In the past, the Palisades Reservoir has had some busy days in the summer, usually over holiday weekends. This year, however, the fun on the lake is seven days a week.

“It’s been good for the town,” said Lutz. “We like to see the lake full and people using it.”

According to the Upper Snake River Office of Bureau of Reclamation,  the Palisades Reservoir was at 93 percent of capacity. 

“We had a pretty good snow pack, even though it was not evenly distributed across the region,” said Jeremy Dalling of the BOR. “Then when we had that rainfall in late June, going into the Fourth of July Weekend, we were full and there was really no place to put that runoff.”

The water managers turned the reservoir’s discharge volume up to 20,000 cubic feet per second (high discharge) in order to make room for rain runoff.

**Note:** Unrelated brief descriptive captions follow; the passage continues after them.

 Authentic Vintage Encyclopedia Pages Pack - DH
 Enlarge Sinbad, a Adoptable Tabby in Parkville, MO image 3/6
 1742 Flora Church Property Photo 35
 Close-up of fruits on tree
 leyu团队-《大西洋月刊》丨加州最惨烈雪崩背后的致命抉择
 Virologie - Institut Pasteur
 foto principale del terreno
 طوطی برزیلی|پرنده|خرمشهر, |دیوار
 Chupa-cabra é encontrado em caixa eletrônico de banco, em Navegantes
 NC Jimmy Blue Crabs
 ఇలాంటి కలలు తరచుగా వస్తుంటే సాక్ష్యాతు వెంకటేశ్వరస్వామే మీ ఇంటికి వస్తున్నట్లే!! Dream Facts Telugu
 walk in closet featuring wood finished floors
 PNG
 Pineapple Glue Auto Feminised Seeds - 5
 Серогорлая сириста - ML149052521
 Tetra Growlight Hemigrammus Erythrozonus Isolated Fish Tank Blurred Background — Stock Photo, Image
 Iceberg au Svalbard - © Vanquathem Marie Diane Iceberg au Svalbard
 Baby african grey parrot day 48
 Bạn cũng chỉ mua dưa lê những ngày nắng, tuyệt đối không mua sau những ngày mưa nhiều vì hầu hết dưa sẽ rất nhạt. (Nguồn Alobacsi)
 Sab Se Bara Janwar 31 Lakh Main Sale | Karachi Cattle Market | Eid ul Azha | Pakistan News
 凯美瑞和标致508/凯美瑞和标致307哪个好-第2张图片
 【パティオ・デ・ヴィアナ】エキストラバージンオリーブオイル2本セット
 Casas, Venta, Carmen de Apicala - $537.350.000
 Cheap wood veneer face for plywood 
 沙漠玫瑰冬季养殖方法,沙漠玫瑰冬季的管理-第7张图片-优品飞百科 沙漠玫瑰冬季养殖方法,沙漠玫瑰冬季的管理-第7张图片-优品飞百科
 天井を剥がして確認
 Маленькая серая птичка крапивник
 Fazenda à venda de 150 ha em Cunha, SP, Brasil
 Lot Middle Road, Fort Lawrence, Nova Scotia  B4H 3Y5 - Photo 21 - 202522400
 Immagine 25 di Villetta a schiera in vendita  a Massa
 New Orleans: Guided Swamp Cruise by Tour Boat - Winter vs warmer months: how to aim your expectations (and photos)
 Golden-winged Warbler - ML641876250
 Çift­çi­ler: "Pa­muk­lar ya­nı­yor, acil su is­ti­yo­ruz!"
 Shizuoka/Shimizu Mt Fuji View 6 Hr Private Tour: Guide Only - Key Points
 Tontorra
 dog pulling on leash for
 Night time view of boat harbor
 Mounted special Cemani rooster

The reservoir discharge is currently at approximately 12,000 cfs (moderate discharge).

The reservoir may be 93 percent of capacity, but it is 124 percent of normal for this time of year, according to Dalling.

“We define normal as what the average has been for this time of year from 1981 to 2010,” said Dalling. “So we have good water level for this time of year, comparable to what we had last year. We have had similar water storage for the last four or five years, so we are on a four to five year streak with having a good water supply and good water storage for this time of year.”

According to Dalling, the water operations have shifted from water storage (spring) to meeting irrigation needs (summer).

The first crop in Idaho is now being harvested, Dalling explained. 

“So we are seeing a decrease in demand for irrigation water at the moment,” he said. “That demand will increase in the next week or so as those first crops are harvested and water is needed for the second crops.”

Dalling anticipates drawing on the reservoir for the next two to three months.

Even with the irrigation demands, Dalling does not anticipate getting too far away from the 124 percent of normal for the reservoir. The plan is to have moderate discharge, he said. 

“We want to encourage everyone to get out and enjoy these reservoirs and rivers,” Dalling said. “Recreation is one of the reasons they are there.”